*TL;DR: CentOS CI is going hardwareless and if you wish your project
remains using it, we need your opt-in by August 2022. There is a Dojo
Summer 2022 <https://wiki.centos.org/Events/Dojo/Summer2022> session
happening on Thursday, June 17th, that will explain further technical
details. *
Hello everyone,
As many of you know, since the beginning of this year we have been
reevaluating the future of CentOS CI, as currently the hardware being used
for it is out of warranty. This is due to the fact that CentOS CI came from
community donations of hardware which were maintained in a best effort
manner by our team. With no warranties, when the physical machine dies we
have no means to replace it. Right now though, our hardware, due to a lack
of warranty, will not be moved with the upcoming data center changes due to
data center requirements to have in warranty hardware for supportability.

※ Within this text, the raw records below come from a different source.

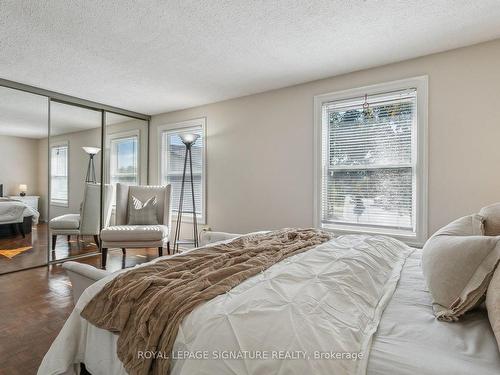 532 Galedowns Crt, Mississauga, ON - Indoor Photo Showing Bedroom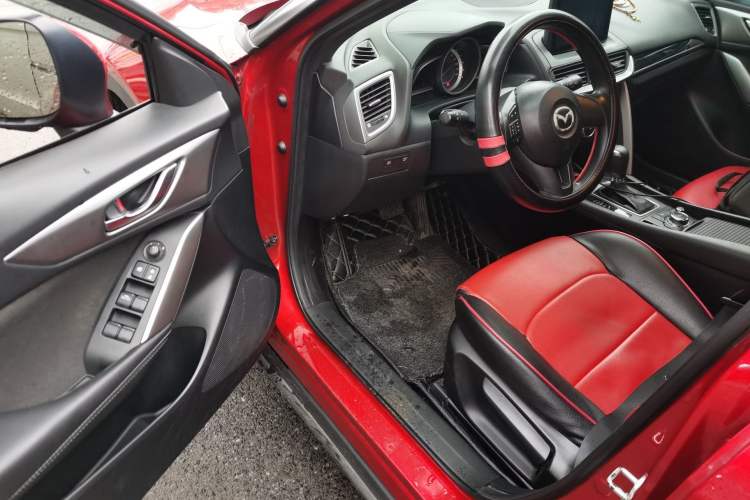 Used Mazda CX-4 2016 2.0L Automatic 2WD Blue Sky Dynamic Edition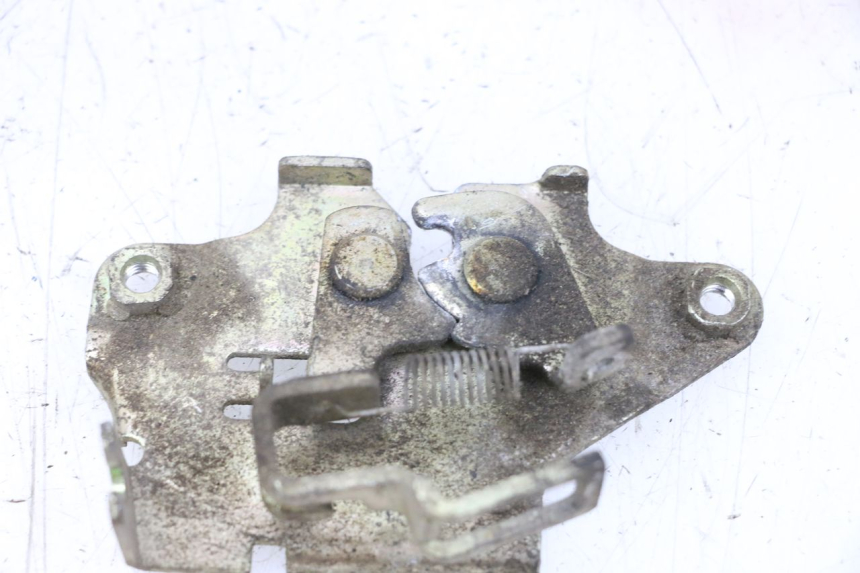 photo de SITZSCHLOSS SYM ORBIT 2 50 (2008 - 2014) - Zoom auf Gebrauchszustand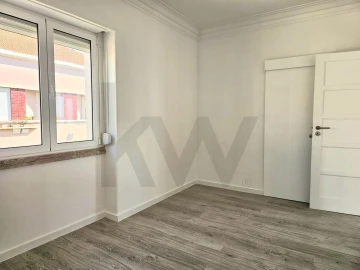 Apartamento T1 para Venda em São Vicente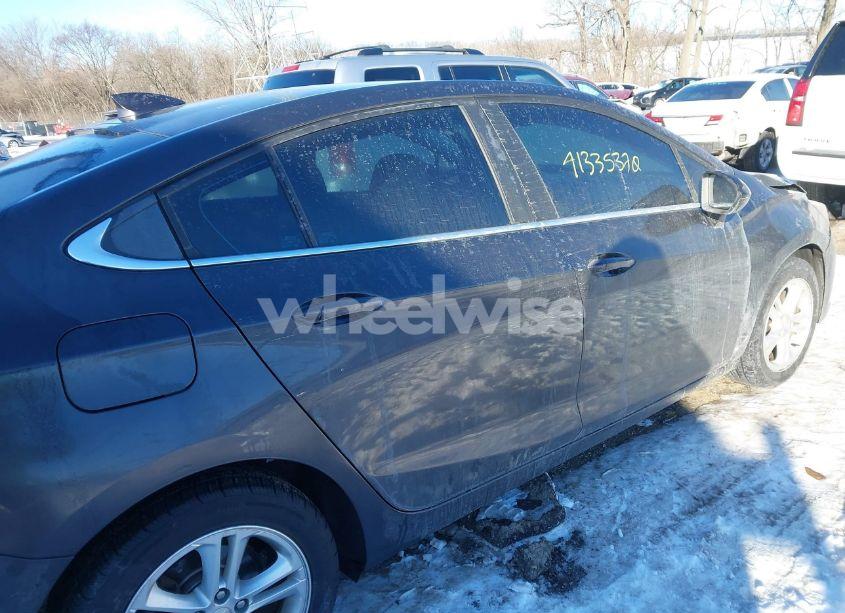 Photo 13 of 2017 Chevrolet Cruze LT AUTO (VIN 1G1BE5SM6H7217670)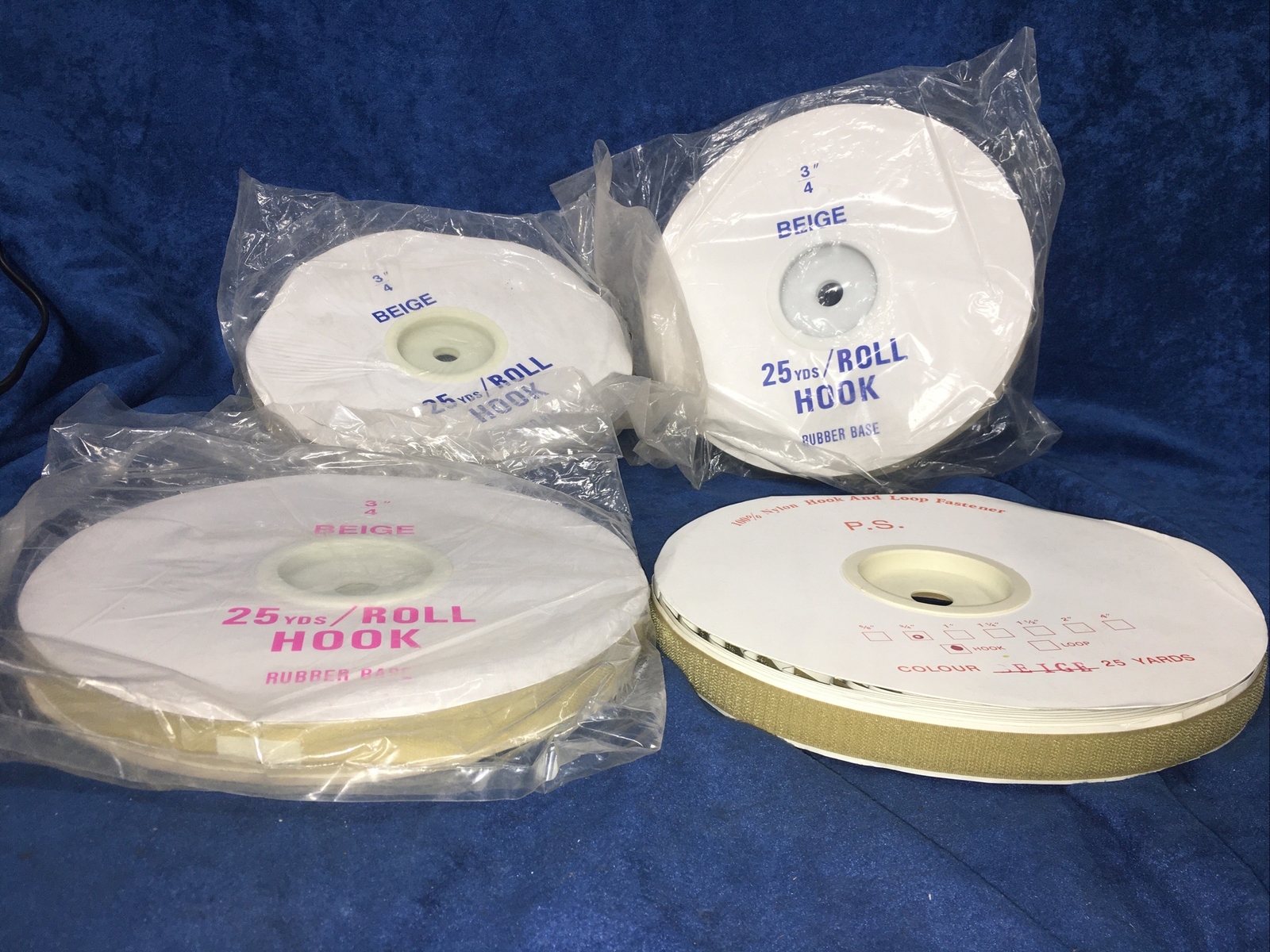 LOT 3 X 25YDS ROLL HOOK & NYLON HOOK AND 1 HOOK&LOOP FASTENER, Male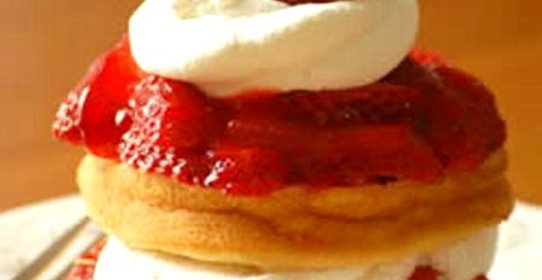 Простой клубничный пирог со сливками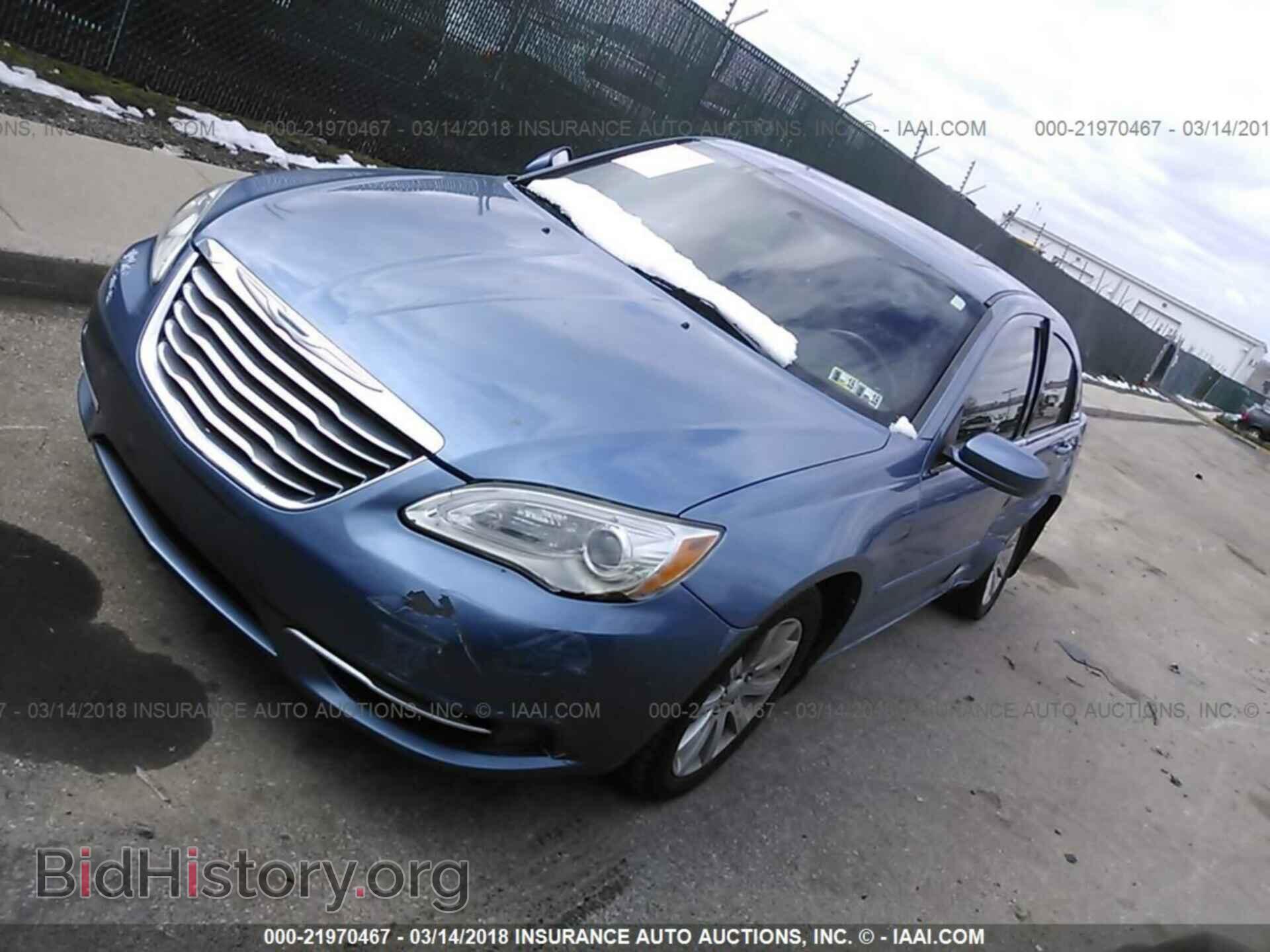 2011 Chrysler 200 - VIN: 1C3BC1FG0BN550416 - Photo 2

We decided to take this opportunity to modernize our current
infrastructure, pushing it to a hybrid cloud environment. Duffy CI will
become the main tool from now on, so that we can support the CI workflow
and best practices on cloud and for this reason, the current hardware infra
will no longer be available soon. However, as an effort to continuously
provide resources and support CI best practices for projects, our team is
adapting Duffy CI so that we can maintain most of the characteristics of
our current, physical-based offering.
At the technical level, what does that mean for you, CI tenants?
-
A new Duffy API service will replace the existing one: while it will be
running in compatibility/legacy mode with the previous version, you will
need to adapt your workflow to the new API, but more details below
-
We will transition to AWS EC2 instances for the aarch64 and x86_64
architectures by default, with a (limited) option to request “metal”

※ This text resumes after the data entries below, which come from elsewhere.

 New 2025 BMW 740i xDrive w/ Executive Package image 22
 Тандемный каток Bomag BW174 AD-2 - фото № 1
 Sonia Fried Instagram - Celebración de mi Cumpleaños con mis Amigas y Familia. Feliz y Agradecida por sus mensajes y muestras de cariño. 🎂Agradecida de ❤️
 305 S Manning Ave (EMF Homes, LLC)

instances for projects requiring virtualization for their tests (like
KVM/vagrant/etc)
-
We will keep a (very small) Power9 infra “on-premise” (AWS does not
support ppc64le) for the ppc64le tests (available through a dedicated VPN
tunnel)
-
The existing OpenShift cluster will be also decommissioned and a new one
(hosted in AWS, so without an option to run kubevirt operator nor VMs) will
be then used (you will have to migrate from one to the other)
With that being said, tenants can start preparing for the changes to happen
with the maximum deadline of the end of December 2022 wherein at this
point, Duffy API legacy mode will be removed. You are required to opt-in if
you and/or your team want to use Duffy CI. Projects will only be migrated
if they reply to this email confirming that they wish to proceed. Worth
knowing that not opting in means that your API key will not be migrated and
so all your requests to get temporary/ephemeral nodes will be rejected by
the new Duffy API.
The maximum decommission deadline of the current hardware infrastructure is
December 12th, 2022 and the new Duffy CI will go live in August 2022, so
please, complete your migration process by the end of CY22. Reminders of
deadlines and of the opt-in requirements will be sent monthly, but your
confirmation of opt-in is required by August 2022. When approaching
December, reminders about deadlines frequency will increase so that we can
ensure effective communication throughout the process.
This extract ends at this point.